*** Supplied records ***
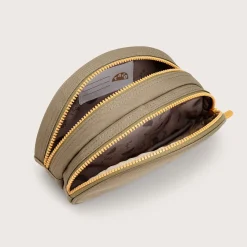 Sale Pencil Case Thomas- Sandalwood Kids Pencil Cases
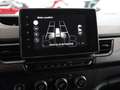 Renault Kangoo PKW TECHNO TCe 130 EDC 8-fach bereift SHZ Grau - thumbnail 18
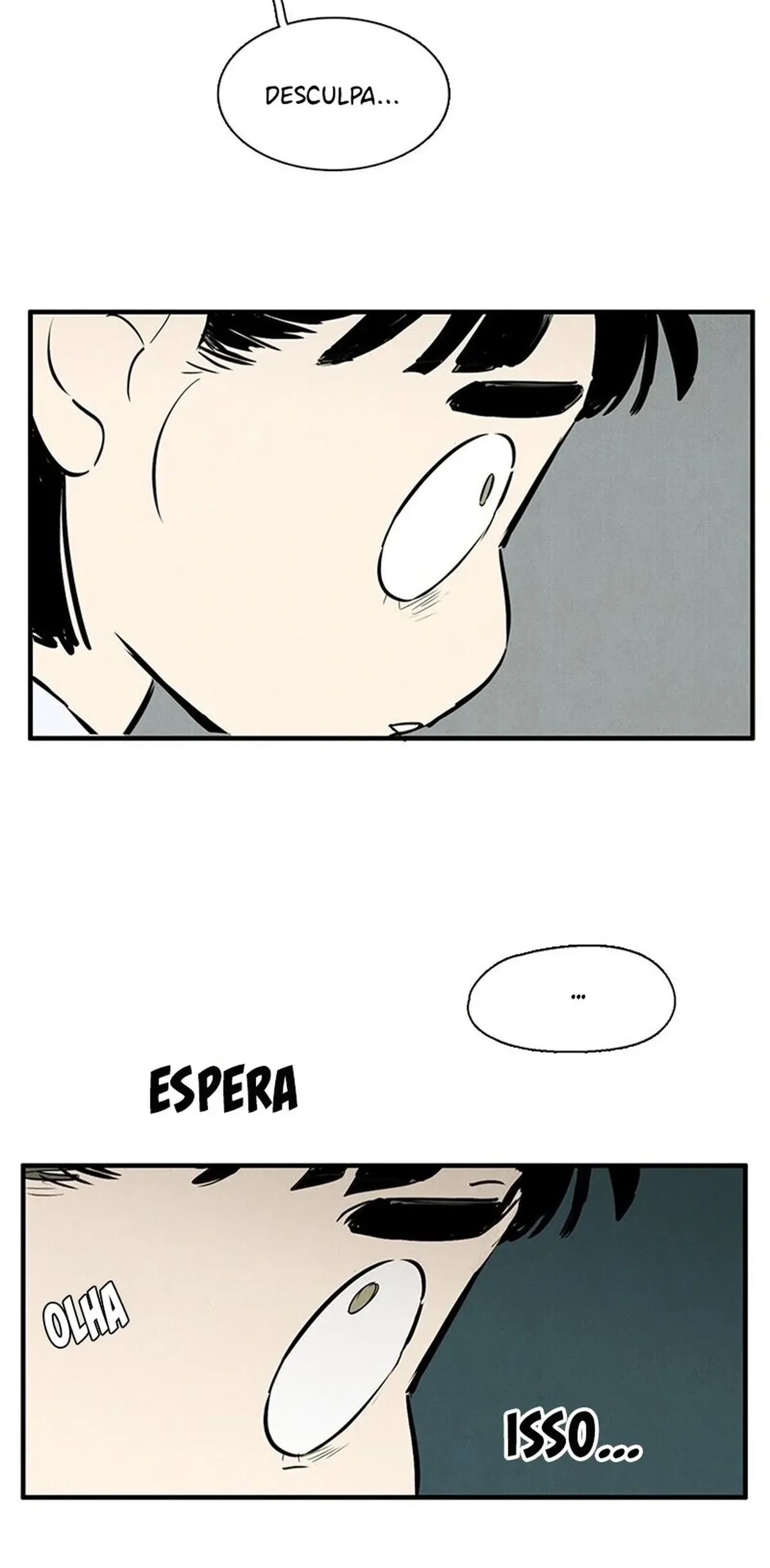Página 65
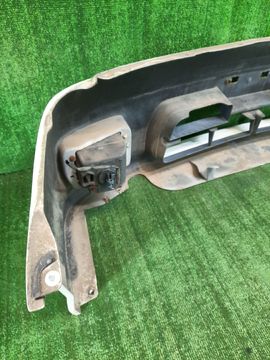 БАМПЕР НА NISSAN SERENA PC24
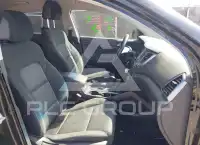 2016 Hyundai Tucson photo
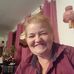 Margaret Pedersen - Facebook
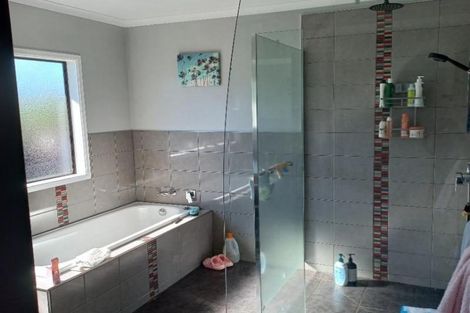 Photo of property in 7 Antonio Street, Stratford, 4332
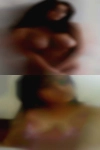 Free discrete woman discreet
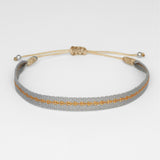 Sophia Friendship Bracelet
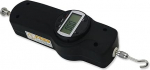 Digitales Kraftmessger&auml;t Wirtschaftsdynamometer Kraftmessger&auml;t Push- und Pull-Tester Meter Messger&auml;te Weit verbreitete Anwendung(50N)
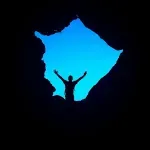 Dječaci pratili psa u pećinu koja je milenijumima ostala zatvorena, ostalo je historija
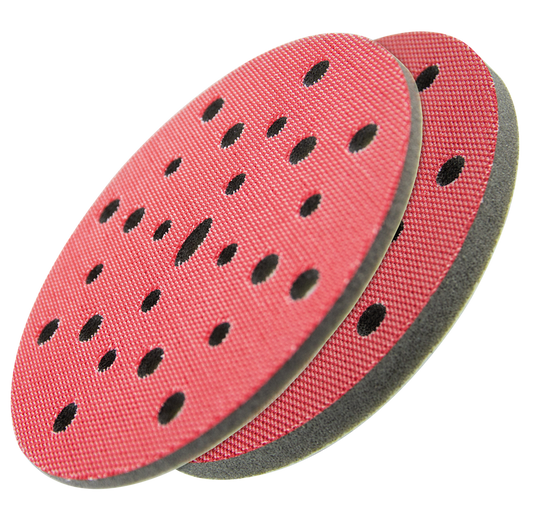 CS Interface Pad IFP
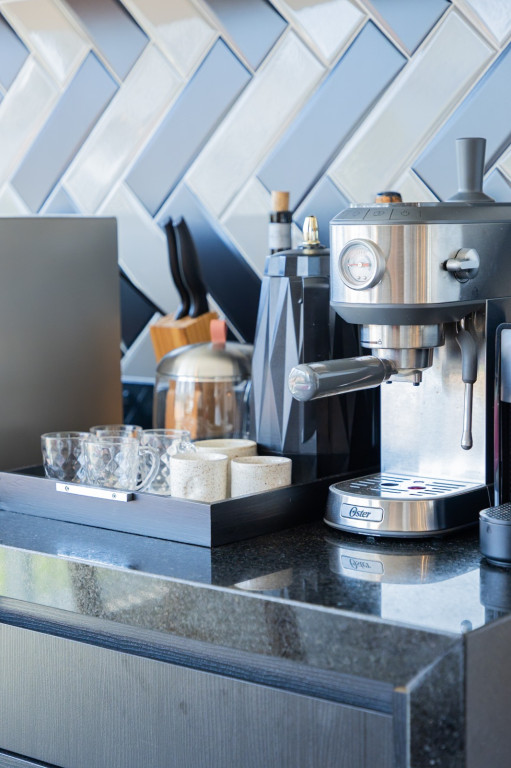 Foto - São Paulo - Pinheiros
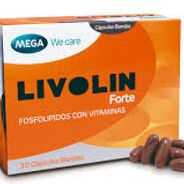 Livolin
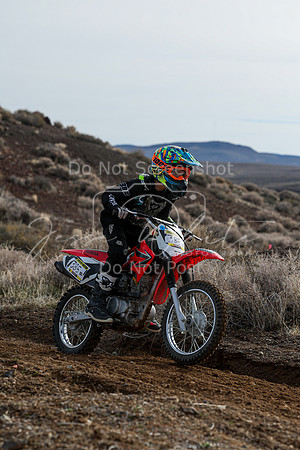 IMG_2123-385f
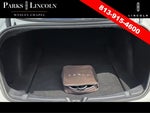 2021 Model 3 Thumbnail 8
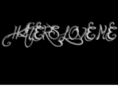 hatersloveme.com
*** End of Supplied records ***
Exercise prompt:
Above are the records; set down exactly the lines from the line containing "Margaret Pedersen - Facebook" through their last line, leaving every picture out.

Answer box:
 Margaret Pedersen - Facebook
 Photo of property in 7 Antonio Street, Stratford, 4332
 Free discrete woman discreet
 Sophia Friendship Bracelet
 Digitales Kraftmessger&auml;t Wirtschaftsdynamometer Kraftmessger&auml;t Push- und Pull-Tester Meter Messger&auml;te Weit verbreitete Anwendung(50N)
 Dječaci pratili psa u pećinu koja je milenijumima ostala zatvorena, ostalo je historija
 CS Interface Pad IFP
 Foto - São Paulo - Pinheiros
 Livolin
 IMG_2123-385f
 2021 Model 3 Thumbnail 8
 hatersloveme.com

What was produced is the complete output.